• Work item:
Your answer should consist of every line in the records that holds "Duty".

*** Opening of Material for this task ***

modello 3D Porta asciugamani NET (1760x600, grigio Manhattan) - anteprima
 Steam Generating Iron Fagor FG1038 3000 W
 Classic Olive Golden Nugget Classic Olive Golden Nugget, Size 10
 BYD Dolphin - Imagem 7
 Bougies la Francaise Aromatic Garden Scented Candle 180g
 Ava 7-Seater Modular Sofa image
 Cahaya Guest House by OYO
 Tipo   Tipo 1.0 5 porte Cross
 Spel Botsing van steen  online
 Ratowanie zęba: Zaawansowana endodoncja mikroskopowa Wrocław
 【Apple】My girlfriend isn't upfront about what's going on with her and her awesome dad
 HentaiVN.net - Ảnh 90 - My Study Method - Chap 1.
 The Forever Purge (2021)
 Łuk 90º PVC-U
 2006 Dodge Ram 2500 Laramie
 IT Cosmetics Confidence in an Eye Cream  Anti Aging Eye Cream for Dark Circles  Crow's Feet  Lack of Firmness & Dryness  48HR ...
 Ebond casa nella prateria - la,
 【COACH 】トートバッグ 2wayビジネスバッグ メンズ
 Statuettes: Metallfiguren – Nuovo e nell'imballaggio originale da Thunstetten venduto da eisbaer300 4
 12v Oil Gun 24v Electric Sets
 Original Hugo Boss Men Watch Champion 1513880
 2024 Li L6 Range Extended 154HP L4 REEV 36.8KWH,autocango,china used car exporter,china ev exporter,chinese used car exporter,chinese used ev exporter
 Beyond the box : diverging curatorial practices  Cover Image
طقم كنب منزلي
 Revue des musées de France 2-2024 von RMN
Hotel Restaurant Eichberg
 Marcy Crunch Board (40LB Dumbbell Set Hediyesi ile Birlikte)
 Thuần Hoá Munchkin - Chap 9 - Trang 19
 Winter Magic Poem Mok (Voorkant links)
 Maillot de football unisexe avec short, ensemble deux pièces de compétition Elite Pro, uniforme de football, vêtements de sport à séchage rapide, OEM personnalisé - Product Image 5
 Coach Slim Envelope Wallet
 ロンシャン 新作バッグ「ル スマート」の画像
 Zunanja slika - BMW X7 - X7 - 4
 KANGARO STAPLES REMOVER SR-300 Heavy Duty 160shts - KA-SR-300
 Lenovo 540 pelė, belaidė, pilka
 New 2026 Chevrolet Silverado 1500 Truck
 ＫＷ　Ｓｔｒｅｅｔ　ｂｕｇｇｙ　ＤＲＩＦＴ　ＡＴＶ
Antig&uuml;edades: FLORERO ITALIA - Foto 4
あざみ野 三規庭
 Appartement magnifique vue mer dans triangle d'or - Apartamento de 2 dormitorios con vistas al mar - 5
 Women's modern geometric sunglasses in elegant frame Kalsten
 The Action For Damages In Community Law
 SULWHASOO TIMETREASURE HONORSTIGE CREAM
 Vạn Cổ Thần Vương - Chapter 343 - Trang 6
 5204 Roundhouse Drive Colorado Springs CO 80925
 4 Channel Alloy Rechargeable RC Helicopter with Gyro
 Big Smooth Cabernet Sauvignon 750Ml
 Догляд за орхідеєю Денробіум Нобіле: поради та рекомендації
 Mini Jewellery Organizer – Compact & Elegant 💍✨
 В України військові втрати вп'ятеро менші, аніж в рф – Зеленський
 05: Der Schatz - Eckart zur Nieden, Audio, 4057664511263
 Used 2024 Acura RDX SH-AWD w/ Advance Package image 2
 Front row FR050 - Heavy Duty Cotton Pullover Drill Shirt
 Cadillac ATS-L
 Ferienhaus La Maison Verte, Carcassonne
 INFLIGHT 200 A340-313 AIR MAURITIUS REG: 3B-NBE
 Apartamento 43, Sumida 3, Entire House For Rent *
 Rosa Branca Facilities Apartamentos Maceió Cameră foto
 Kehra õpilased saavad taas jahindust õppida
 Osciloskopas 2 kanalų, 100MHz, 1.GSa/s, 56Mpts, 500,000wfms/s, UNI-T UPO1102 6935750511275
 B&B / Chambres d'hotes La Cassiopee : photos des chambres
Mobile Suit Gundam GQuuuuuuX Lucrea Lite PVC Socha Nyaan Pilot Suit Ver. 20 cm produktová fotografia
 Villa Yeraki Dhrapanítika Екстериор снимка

*** Close of Material for this task ***

• Response:
 KANGARO STAPLES REMOVER SR-300 Heavy Duty 160shts - KA-SR-300
 Front row FR050 - Heavy Duty Cotton Pullover Drill Shirt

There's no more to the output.